▸ **WHAT TO WORK ON**
Could you set down exactly the lines in the records below between the line holding "Moss Agate Moons & Hearts" and the line holding "18L Indoor Dual", inclusive?

[Items from a dataset]
══════
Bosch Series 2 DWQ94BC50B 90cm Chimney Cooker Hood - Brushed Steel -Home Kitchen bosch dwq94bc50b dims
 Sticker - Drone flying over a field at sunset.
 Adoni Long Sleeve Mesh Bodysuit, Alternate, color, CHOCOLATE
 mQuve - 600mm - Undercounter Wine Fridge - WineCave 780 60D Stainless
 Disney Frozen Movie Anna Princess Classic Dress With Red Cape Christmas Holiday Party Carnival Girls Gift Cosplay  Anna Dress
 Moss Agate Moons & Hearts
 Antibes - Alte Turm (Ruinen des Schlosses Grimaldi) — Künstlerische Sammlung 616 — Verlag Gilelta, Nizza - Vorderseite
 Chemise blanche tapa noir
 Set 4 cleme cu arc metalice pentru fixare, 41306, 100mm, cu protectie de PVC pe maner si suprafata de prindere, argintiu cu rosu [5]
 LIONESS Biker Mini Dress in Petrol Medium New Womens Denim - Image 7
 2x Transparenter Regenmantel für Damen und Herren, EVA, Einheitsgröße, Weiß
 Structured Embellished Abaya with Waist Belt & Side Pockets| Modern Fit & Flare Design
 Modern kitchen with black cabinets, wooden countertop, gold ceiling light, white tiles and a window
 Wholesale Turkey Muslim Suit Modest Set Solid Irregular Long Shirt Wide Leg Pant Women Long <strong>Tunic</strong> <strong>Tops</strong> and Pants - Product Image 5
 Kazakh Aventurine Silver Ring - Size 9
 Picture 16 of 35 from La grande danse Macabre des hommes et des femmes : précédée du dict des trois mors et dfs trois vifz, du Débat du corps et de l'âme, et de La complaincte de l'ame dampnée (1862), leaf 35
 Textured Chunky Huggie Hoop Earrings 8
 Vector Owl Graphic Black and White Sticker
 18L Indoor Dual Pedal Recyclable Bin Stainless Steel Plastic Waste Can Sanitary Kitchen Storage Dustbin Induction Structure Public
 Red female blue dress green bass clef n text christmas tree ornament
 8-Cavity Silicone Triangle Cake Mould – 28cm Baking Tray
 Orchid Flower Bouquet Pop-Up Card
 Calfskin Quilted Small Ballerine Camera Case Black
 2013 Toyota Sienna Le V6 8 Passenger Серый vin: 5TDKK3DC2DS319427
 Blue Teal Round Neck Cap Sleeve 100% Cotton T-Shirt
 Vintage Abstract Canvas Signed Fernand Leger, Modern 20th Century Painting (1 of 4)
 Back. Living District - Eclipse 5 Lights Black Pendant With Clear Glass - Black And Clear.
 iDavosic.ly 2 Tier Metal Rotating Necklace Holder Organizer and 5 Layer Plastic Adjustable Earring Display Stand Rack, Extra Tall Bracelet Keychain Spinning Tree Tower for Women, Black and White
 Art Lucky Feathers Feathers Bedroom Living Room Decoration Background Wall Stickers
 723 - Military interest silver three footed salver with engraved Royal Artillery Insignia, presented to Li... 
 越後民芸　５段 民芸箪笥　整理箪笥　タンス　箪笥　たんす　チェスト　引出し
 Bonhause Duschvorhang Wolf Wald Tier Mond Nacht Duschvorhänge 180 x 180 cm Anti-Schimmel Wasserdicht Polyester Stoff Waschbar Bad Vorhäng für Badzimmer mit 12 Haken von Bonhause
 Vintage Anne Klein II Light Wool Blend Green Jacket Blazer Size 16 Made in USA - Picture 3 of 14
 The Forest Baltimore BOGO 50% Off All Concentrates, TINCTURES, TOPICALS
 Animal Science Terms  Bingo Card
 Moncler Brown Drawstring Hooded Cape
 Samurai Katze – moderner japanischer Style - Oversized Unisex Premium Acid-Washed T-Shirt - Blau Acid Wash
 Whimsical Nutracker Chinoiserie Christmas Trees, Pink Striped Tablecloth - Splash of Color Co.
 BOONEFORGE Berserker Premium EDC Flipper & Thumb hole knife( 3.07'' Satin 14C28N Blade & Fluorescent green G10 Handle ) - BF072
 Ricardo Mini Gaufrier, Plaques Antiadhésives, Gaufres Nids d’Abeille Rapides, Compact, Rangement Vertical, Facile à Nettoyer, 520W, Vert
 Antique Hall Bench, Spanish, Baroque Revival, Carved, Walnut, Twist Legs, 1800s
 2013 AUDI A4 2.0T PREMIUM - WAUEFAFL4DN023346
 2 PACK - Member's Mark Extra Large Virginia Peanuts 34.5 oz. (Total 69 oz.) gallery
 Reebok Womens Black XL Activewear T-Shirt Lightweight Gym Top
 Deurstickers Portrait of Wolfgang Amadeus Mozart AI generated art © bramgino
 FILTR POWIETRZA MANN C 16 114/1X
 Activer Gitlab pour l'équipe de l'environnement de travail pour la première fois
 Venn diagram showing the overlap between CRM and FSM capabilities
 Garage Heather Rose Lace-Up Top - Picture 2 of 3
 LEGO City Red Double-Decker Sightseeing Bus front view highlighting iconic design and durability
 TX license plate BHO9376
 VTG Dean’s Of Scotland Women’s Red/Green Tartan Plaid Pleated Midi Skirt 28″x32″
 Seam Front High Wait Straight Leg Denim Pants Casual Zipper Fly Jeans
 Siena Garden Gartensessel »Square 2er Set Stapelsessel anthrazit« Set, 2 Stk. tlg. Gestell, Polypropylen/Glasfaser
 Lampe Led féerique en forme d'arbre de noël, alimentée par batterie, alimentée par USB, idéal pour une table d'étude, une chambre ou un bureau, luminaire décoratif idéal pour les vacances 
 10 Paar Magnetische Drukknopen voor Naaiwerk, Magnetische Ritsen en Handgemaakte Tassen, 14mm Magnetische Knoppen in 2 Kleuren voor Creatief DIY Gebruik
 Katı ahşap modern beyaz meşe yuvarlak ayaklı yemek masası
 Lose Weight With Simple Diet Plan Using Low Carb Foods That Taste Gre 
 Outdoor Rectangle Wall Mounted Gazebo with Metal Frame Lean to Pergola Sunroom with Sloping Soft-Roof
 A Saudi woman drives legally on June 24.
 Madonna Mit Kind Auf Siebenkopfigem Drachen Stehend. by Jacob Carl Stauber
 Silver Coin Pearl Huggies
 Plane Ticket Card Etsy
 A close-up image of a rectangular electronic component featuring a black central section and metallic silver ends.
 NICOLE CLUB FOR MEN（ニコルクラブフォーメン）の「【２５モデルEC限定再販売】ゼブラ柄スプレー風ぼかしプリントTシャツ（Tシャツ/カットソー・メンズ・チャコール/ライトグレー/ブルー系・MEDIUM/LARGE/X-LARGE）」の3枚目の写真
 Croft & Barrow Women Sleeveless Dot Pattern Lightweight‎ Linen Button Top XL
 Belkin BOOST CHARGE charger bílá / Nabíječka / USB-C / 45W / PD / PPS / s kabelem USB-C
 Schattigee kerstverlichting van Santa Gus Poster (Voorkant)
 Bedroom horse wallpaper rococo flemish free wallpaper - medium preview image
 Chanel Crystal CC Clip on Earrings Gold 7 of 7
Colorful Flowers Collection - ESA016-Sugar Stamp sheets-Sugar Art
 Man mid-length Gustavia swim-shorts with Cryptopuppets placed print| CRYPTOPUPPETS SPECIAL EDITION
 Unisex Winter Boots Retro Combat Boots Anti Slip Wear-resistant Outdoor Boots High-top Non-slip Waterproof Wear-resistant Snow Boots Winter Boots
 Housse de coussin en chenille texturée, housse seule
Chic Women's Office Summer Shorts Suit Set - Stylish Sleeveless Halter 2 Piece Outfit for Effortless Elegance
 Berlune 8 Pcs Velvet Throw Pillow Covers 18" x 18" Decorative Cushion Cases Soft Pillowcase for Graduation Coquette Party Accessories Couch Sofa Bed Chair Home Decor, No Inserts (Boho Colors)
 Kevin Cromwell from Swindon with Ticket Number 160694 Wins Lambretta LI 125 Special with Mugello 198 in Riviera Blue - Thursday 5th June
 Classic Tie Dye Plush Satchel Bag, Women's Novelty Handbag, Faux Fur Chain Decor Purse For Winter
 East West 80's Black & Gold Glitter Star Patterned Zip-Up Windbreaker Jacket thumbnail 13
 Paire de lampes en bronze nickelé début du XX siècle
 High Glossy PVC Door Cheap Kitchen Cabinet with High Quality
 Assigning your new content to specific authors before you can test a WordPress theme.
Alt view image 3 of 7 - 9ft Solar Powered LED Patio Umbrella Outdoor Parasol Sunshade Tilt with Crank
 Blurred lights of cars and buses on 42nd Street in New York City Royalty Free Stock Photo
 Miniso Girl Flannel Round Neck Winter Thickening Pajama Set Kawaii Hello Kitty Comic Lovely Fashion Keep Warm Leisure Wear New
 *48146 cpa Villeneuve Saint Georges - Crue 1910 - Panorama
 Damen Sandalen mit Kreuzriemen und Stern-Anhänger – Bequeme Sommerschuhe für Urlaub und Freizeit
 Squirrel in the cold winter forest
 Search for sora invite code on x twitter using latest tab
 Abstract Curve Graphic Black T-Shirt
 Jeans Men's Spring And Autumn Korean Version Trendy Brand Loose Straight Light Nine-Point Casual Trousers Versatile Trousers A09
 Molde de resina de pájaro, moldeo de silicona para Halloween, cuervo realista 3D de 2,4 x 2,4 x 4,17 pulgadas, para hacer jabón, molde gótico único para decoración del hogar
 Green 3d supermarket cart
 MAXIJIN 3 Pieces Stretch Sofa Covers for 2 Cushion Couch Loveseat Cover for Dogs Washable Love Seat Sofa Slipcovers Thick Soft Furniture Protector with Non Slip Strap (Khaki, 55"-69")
══════
▸ **RESPONSE BOX**
 Moss Agate Moons & Hearts
 Antibes - Alte Turm (Ruinen des Schlosses Grimaldi) — Künstlerische Sammlung 616 — Verlag Gilelta, Nizza - Vorderseite
 Chemise blanche tapa noir
 Set 4 cleme cu arc metalice pentru fixare, 41306, 100mm, cu protectie de PVC pe maner si suprafata de prindere, argintiu cu rosu [5]
 LIONESS Biker Mini Dress in Petrol Medium New Womens Denim - Image 7
 2x Transparenter Regenmantel für Damen und Herren, EVA, Einheitsgröße, Weiß
 Structured Embellished Abaya with Waist Belt & Side Pockets| Modern Fit & Flare Design
 Modern kitchen with black cabinets, wooden countertop, gold ceiling light, white tiles and a window
 Wholesale Turkey Muslim Suit Modest Set Solid Irregular Long Shirt Wide Leg Pant Women Long <strong>Tunic</strong> <strong>Tops</strong> and Pants - Product Image 5
 Kazakh Aventurine Silver Ring - Size 9
 Picture 16 of 35 from La grande danse Macabre des hommes et des femmes : précédée du dict des trois mors et dfs trois vifz, du Débat du corps et de l'âme, et de La complaincte de l'ame dampnée (1862), leaf 35
 Textured Chunky Huggie Hoop Earrings 8
 Vector Owl Graphic Black and White Sticker
 18L Indoor Dual Pedal Recyclable Bin Stainless Steel Plastic Waste Can Sanitary Kitchen Storage Dustbin Induction Structure Public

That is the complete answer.